In the 1970s, Libyan leader Muammar Gaddafi had invaded the Aouzou Strip, along the border of Libya and Chad and issued Libyan nationality documents to inhabitants of the area. Tebu people throughout Libya were issued papers from Aouzou administrative authorities. After years of conflict, in 1990, once peace was attained, the territorial dispute was turned over to the International Court of Justice for resolution. The court granted the territory to Chad in 1994, and Gaddafi's response was the issuance of a decree on 1996, denaturalizing persons whose papers indicated that they were from Aouzou, and placing their status under the laws regarding foreigners. This was followed in 2007, by a government directive declaring all Tebu people to be Chadian, rather than Libyan.

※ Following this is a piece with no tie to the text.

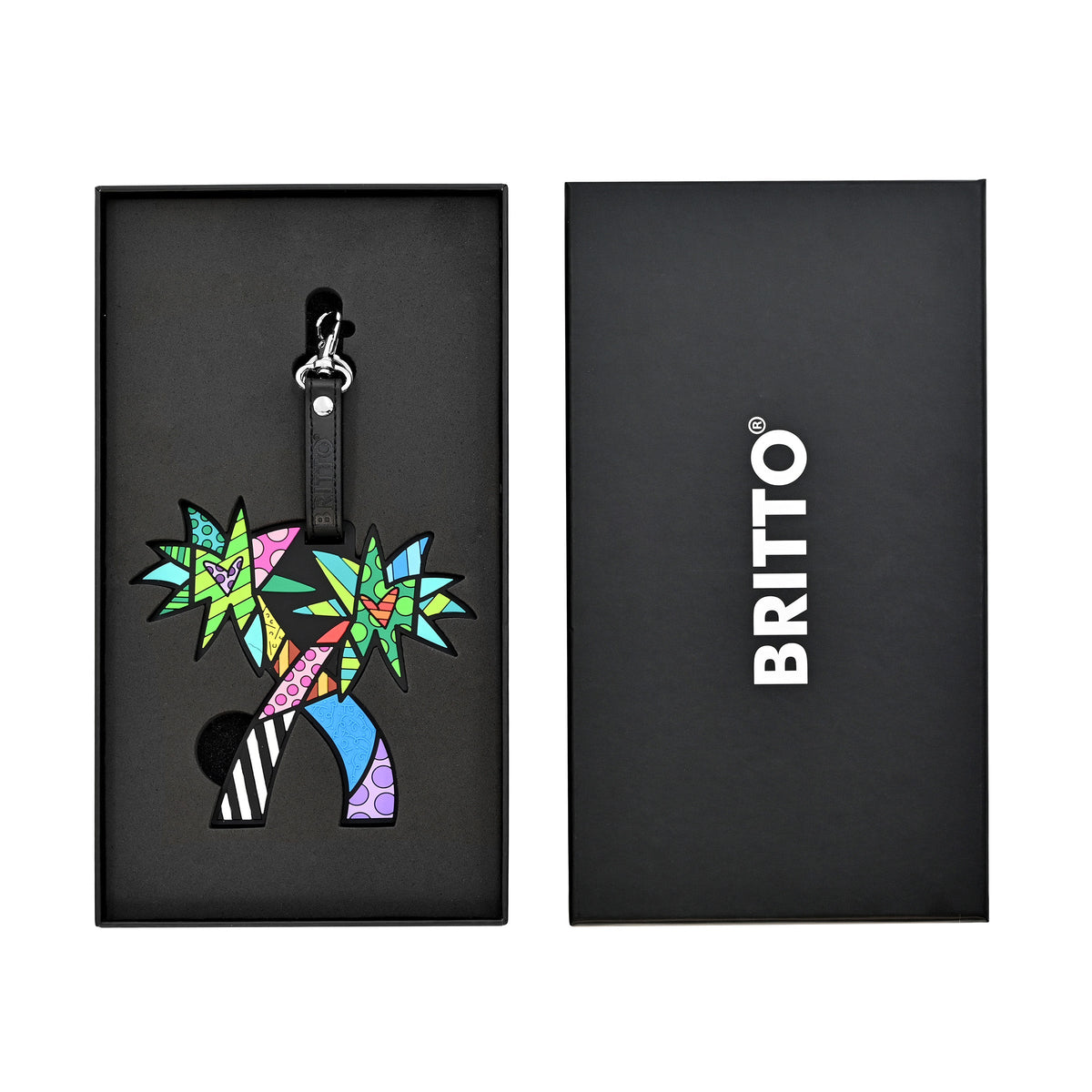 modern pop art britto luggage tag palm trees  vibrant home decor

In 2010, Law No. 24 was passed to update the Nationality Law. Under its terms, people who claimed Libyan nationality by descent were required to be registered on a special list to be reviewed by a committee with discretionary powers to grant or disallow Libyan nationality. The committee, was tasked with disallowing, rather than approving claims, which resulted in difficulties for Sub-Saharan tribal populations, such as the Berbers and Tauregs, to access nationality.

Under the terms of the 2010 Nationality Law, only foundlings could acquire nationality by birth in the territory. Nationality by descent from a father was automatic, but provisions for gaining nationality from a mother were unclear because they referenced later provisions to be enacted for the process. The law limited acquisition of nationality by jus matrimonii to wives of a Libyan national after two years of marriage, as long as he was not Palestinian. Naturalization could be acquired after a ten-year residency, for those who had sufficient income to sustain themselves, were of good character and health and were under 50 years of age. Provisions were also made for acquisition of nationality for those who had provided service to the Libyan nation. After the fall of Gaddafi in 2011, decreed a blanket nationality to some 5,600 Tuareg applicants for Libyan status. The transitional government began implementing the following year a new national identification program and cancelled over one million identity papers, including those of Tuareg and Tebu people, who it deemed to be Chadian.

In 2017, a new constitution was drafted, which was still pending adoption in 2021. Under its terms, dual nationality was favored and it also contained provisions to resolve the over 40,000 nationality applications from ethnic minorities and returnees from exile which have been pending since the 1980s. The draft constitution made few changes in the provisions for acquisition of nationality, save for Article 13, which specified that children could equally acquire nationality maternally. It proposed lengthening the residency period for naturalization to fifteen years and added a clause that while Libyan status could not be withdrawn from nationals of origin, naturalized persons could be denaturalized within ten years of gaining Libyan status. The Tebu Constitution Drafting Assembly rejected the draft constitution and only one Tuareg member of the Constitution Drafting Assembly approved the draft with the othe Tuareg members abstaining from voting. Events of the Libyan Civil War suspended the constitutional reform in 2019.